(Beginning of Task material)

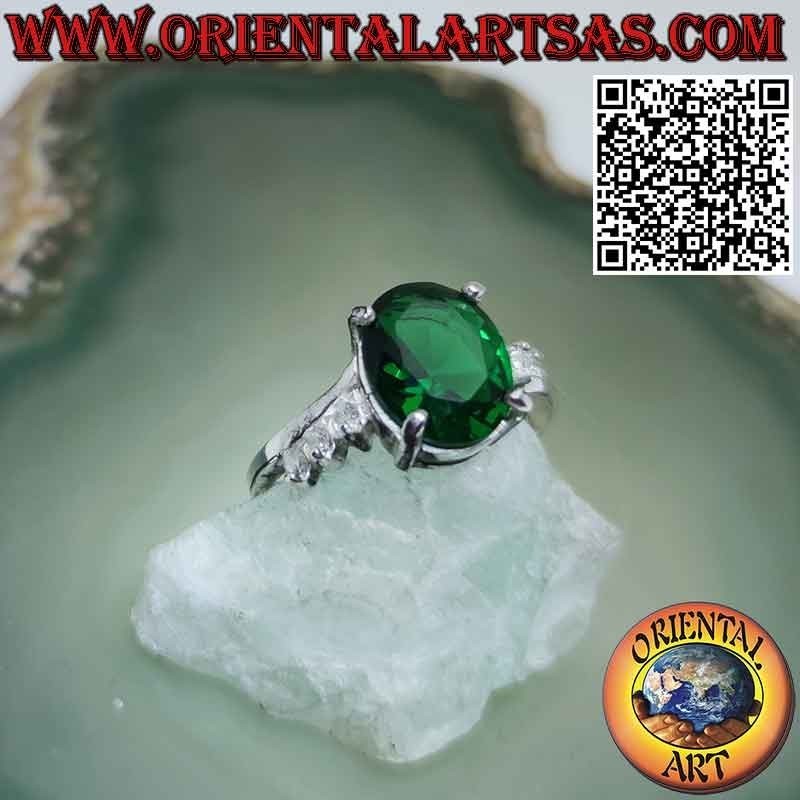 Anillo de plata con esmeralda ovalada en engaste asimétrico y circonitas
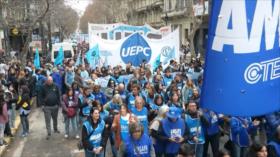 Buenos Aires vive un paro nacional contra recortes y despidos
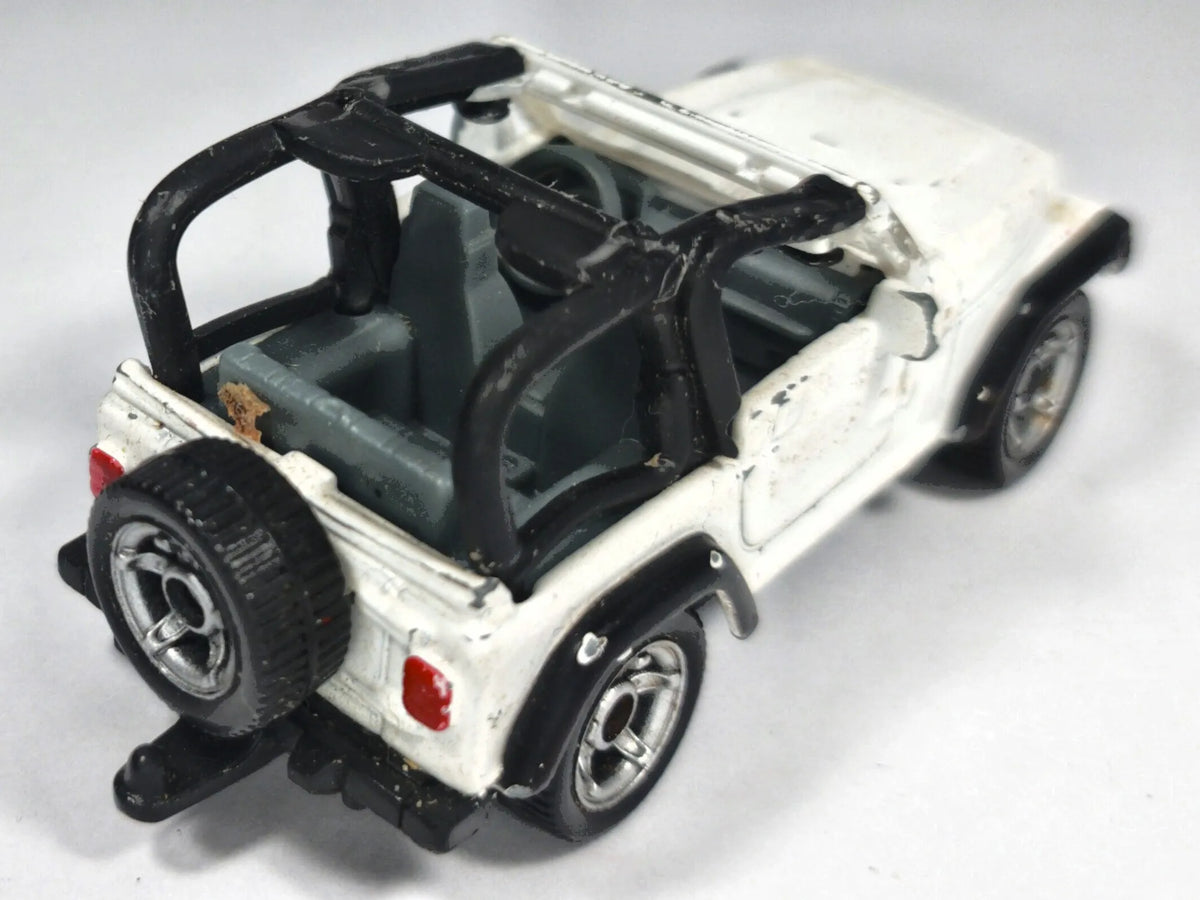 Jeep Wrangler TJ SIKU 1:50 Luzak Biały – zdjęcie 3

(End of Task material)
(Beginning of Task material)

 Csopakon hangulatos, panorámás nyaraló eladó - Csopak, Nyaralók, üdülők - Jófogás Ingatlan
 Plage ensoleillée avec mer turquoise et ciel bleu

(End of Task material)

Output exactly the lines above that lie between the line with "Anillo de plata" and the line with "Jeep Wrangler TJ", those two lines included, and no pictures.

| Solution |
 Anillo de plata con esmeralda ovalada en engaste asimétrico y circonitas
 Buenos Aires vive un paro nacional contra recortes y despidos
 Jeep Wrangler TJ SIKU 1:50 Luzak Biały – zdjęcie 3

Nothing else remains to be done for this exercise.